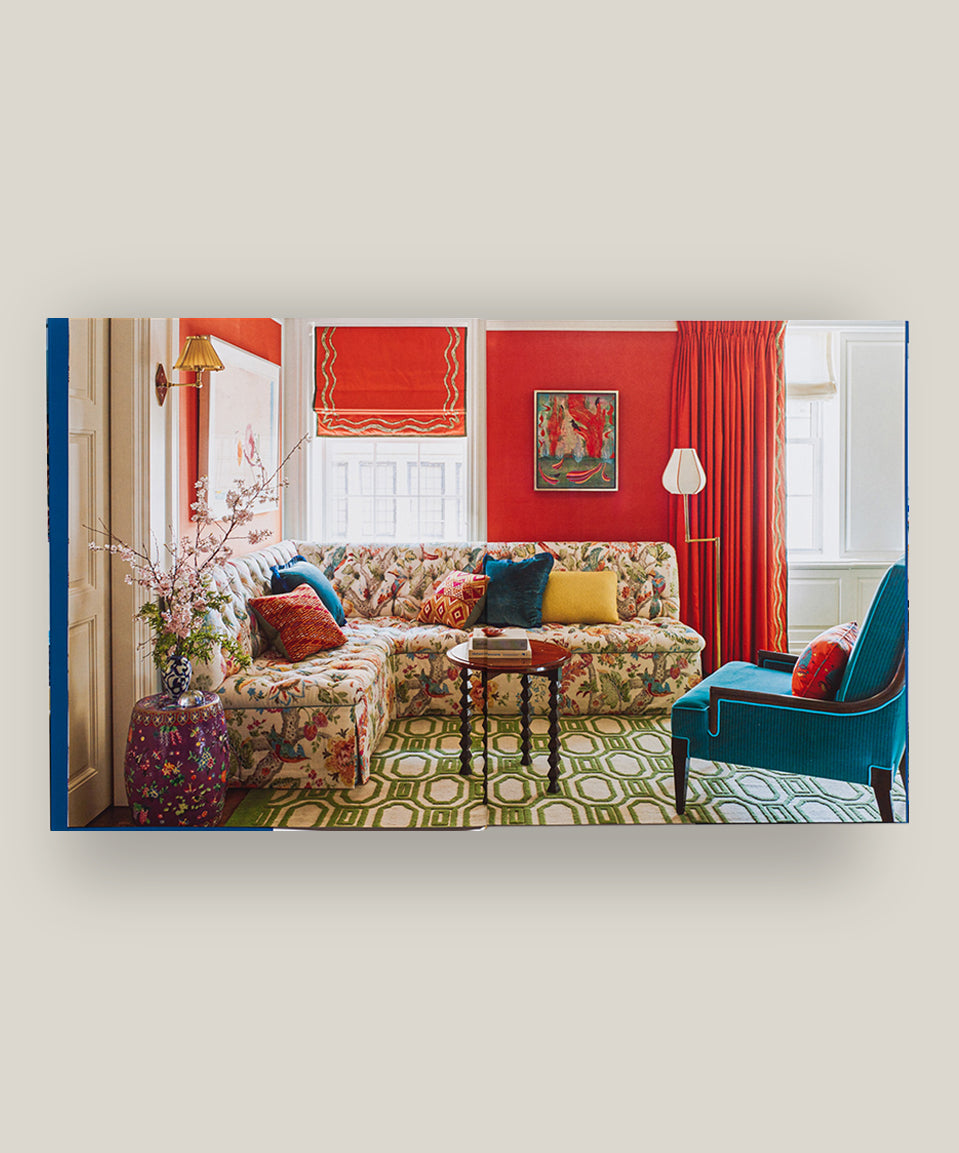 Katie Ridder: More Rooms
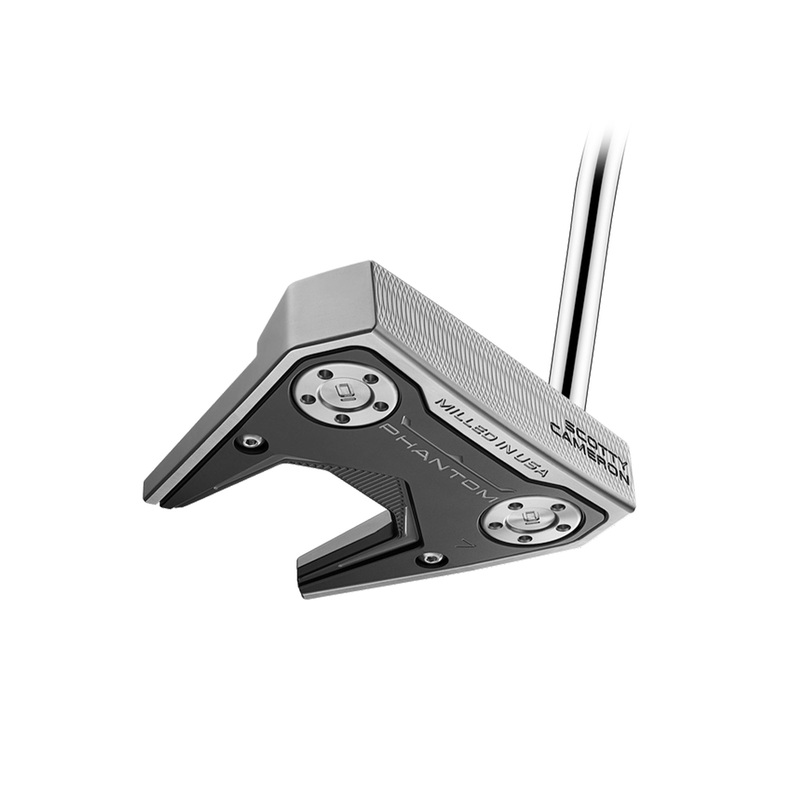 2024 Phantom 7 Putter|Misc|34Inch|35inch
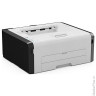 Принтер лазерный RICOH SP 277NwX А4, 23стр/мин, 20000стр/мес, сетевая карта, Wi-Fi, 408157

> _Task requirements_
Reproduce the whole listing above character for character; pictures do not belong in it.

> _Solved exercise_
 Katie Ridder: More Rooms
 2024 Phantom 7 Putter|Misc|34Inch|35inch
 Принтер лазерный RICOH SP 277NwX А4, 23стр/мин, 20000стр/мес, сетевая карта, Wi-Fi, 408157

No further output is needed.